Published Date: 10/18/2025

Proposition 103 Is Broken: How California’s Insurance Crisis Reached a Breaking Point

When Proposition 103 passed in 1988, it was hailed as a triumph for consumers—a law that promised lower rates, greater fairness, and tighter oversight of “greedy” insurance companies. Nearly four decades later, that same law is being blamed for helping create one of the most dysfunctional insurance markets in the United States.

Insurance expert Karl Susman, a veteran broker and insurance commentator, argues that Proposition 103 is no longer protecting Californians. Instead, it’s strangling the insurance system with outdated rules that make it impossible for carriers to adapt to modern realities like wildfire losses, inflation, and climate risk.

In a recent talk titled “Proposition 103 Is Broken: Why California’s Insurance Crisis Is About to Explode,” Susman lays out in plain terms why the state’s 37-year-old regulatory structure is collapsing—and what that means for homeowners, drivers, and the entire economy.

A State on Fire—and an Insurance System on Life Support

Susman begins with the reality that defines life in California today: wildfires.
Every year, tens of thousands of homes are destroyed or damaged, and hundreds of thousands of residents are forced to evacuate. In the latest major fire, more than
18,000 structures were lost and over 30 lives were claimed. The human cost, he reminds us, is often overlooked.

“We always talk about acres burned and structures lost. But people died. Whole families had to start from zero.”

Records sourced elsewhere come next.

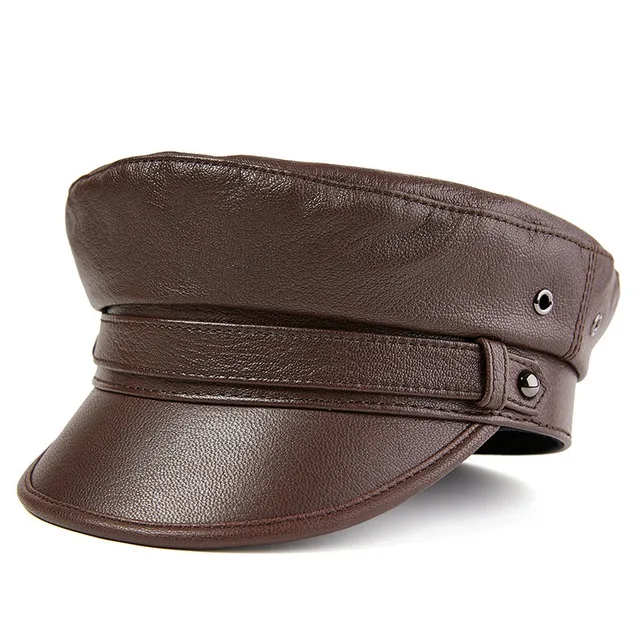 leather officer cap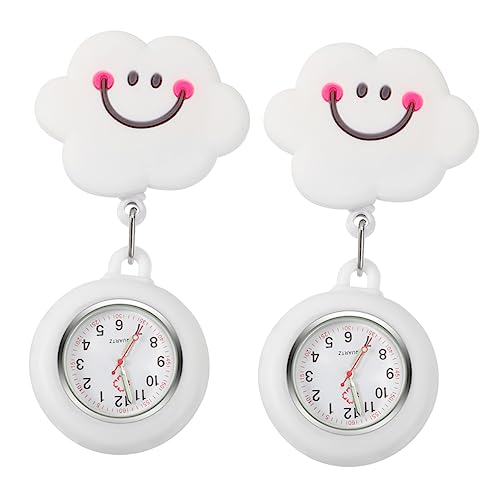 COLLBATH Einziehbare Krankenschwesteruhr 2 Stück Analog Quarzwerk Leichte Ansteckuhr mit Karabiner Praktische Taschenuhr für Pflegepersonal und Studenten Tragbar und Komfortabel von COLLBATH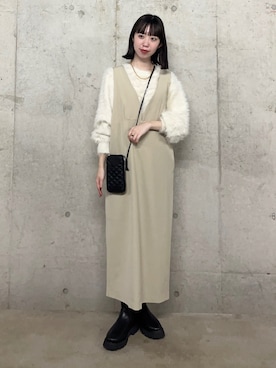 「重ね着ベストシーズン」｜「アイテム（ジャンパースカート）」を使った、だてちゃんさん（レディース・152cm）の秋コーディネート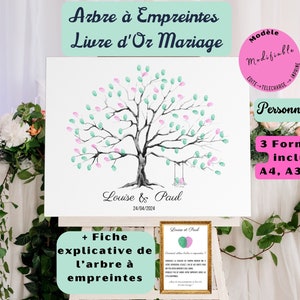 May include: A white poster with a watercolor tree with pink and green leaves. The tree has a swing hanging from it. The poster says "Arbre à Empreintes Livre d'Or Mariage" and "Louise & Paul 24/04/2024". The poster is on a table with flowers and greenery.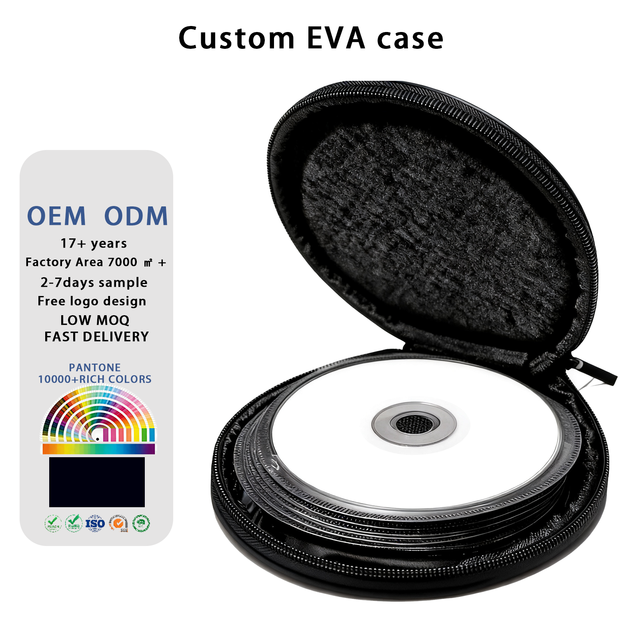 Custom Hard EVA CD DVD Carrying Case Portable Nylon Shell 20 Capacity Disk Storage Bag Shockproof Molded Media Organizer Sleeve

Susman’s own agency lost 141 client homes in that fire alone. Another 50 had partial losses. His team worked around the clock for weeks, helping desperate homeowners file claims, find housing, and start rebuilding their lives.

But behind those tragic numbers lies an even deeper problem: one in ten homes was completely uninsured, and many of those that were insured had inadequate coverage. The reasons, Susman says, tie directly to California’s broken insurance market—where shrinking availability, rigid regulation, and soaring premiums are driving both insurers and consumers to the brink.

The Role of Proposition 103: A 1980s Law in a 2025 World

Proposition 103 was written in the era of fax machines, and as Susman quips, “our regulations are still stuck in the fax era.”

The law was meant to address skyrocketing auto insurance premiums in the 1980s by imposing strict government oversight. It required insurers to get prior approval from the California Department of Insurance (CDI) before raising rates and forced rate rollbacks for all property and casualty policies. It also allowed consumer groups to intervene in rate filings and turned the Insurance Commissioner into an elected position, politicizing the role.

At the time, these ideas sounded reasonable. But as the industry evolved—with wildfire risk, climate change, and reinsurance costs skyrocketing—Prop 103’s rigid rules became an anchor.

Today, it affects not only auto insurance but also homeowners, landlords, condo owners, and renters. Nearly every type of property insurance is governed by Prop 103’s restrictions on rates, coverage, and underwriting criteria.

The Vanishing Insurance Bookshelf

To explain how bad things have gotten, Susman uses a simple metaphor: the insurance bookshelf.

Once, brokers like him had dozens of “books” on their shelf—insurance carriers competing for business, each offering different rates, coverage options, and risk appetites. When a client came in, he could shop around, compare, and tailor a policy to fit their needs and budget.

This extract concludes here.